**Activity**
Nothing but the lines below from the one with "Carriola decorativa con fiori uncinetto" through the one with "2021 Hyundai Elantra" should be output, each exactly as given, and no pictures.

**Records for the exercise**
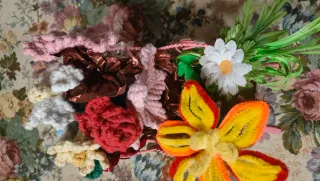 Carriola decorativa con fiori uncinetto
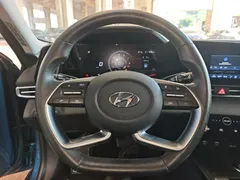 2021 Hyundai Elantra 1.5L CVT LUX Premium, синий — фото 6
---
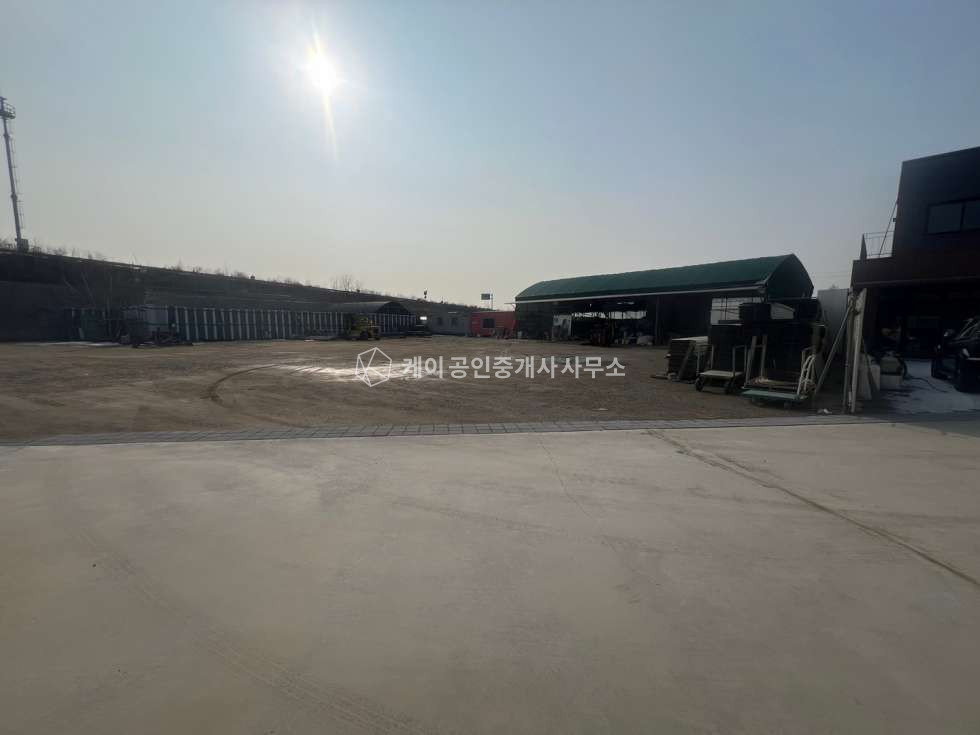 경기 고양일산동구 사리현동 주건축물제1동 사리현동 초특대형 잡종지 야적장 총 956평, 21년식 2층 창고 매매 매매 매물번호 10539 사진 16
...
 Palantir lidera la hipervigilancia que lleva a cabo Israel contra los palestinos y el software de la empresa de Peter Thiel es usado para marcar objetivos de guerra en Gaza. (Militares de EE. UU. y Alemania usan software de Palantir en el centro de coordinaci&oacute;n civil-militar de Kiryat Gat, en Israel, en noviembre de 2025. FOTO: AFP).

**Task solution**
 Carriola decorativa con fiori uncinetto
 2021 Hyundai Elantra 1.5L CVT LUX Premium, синий — фото 6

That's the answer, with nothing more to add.